Even modest differences mattered. People with below-average fitness had a 41% higher mortality risk than those with above-average fitness. And the benefits of high fitness didn’t plateau: among adults 70 and older, elite performers still had a 29% lower mortality risk compared to those in the merely “high” fitness category. In other words, there was no point at which additional aerobic fitness stopped being protective.
This is why the natural decline in VO2 max with age carries real health consequences. A sedentary person whose VO2 max drops below about 17 to 18 mL/kg/min may struggle with basic activities like climbing stairs or carrying groceries. The higher your VO2 max is when the decline begins, the more room you have before it starts limiting your independence.
What You Can Realistically Expect by Decade
If you’re sedentary, a rough timeline looks like this: your VO2 max peaks in your late twenties, drops about 8% through your thirties, continues falling at roughly 10% per decade through your forties and fifties, then accelerates to 15% or more per decade after 60. By 80, a sedentary person may have lost 50% or more of their peak aerobic capacity.

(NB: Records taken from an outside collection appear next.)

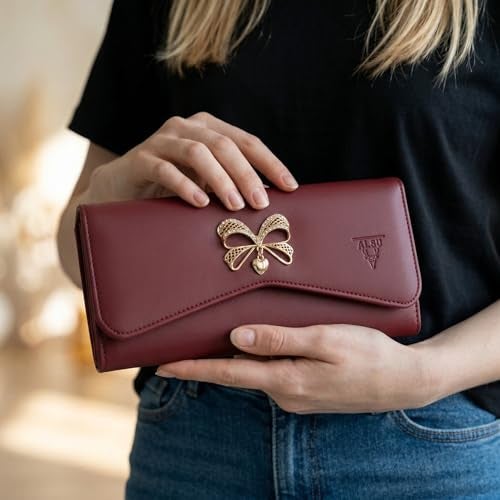 ALSU Women's Hand Wallet Purse Clutch | Phone Pocket| 4 Card Slots| Coin Pockets| Smooth Material (Maroon) - Image 2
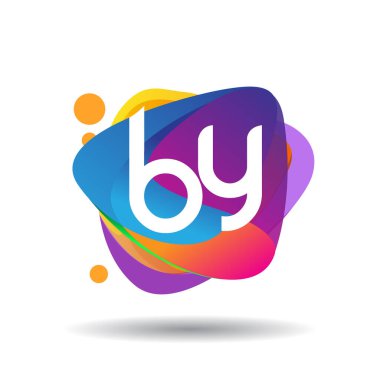 Renkli arka planlı logo, yaratıcı endüstri, web, iş ve şirket için harf kombinasyonu tasarımı.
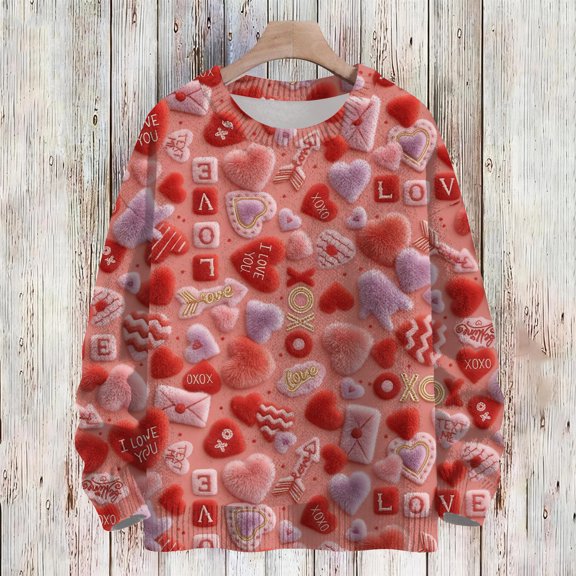 Dwralegc Valentines Sweater for Women Heart Print Casual Sweater Crew Neck Long Sleeve Cute 2026 Plus Size Pullover Sweatershirt Watermelon Red 2XL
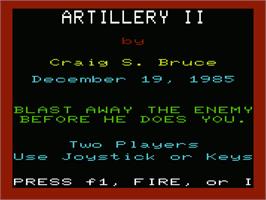 In game image of Artillery 2 on the Commodore VIC-20.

If you stay active, the timeline compresses more slowly. Regular endurance training keeps the decline closer to 5% per decade through middle age. Even after 60, trained individuals lose aerobic capacity at a meaningfully slower rate than their sedentary peers, though the decline does still accelerate somewhat. The most important variable isn’t the type of exercise but the consistency of training volume over years and decades. Intensity matters too, but simply maintaining regular cardiovascular exercise at any reasonable level provides substantial protection against the steepest drops.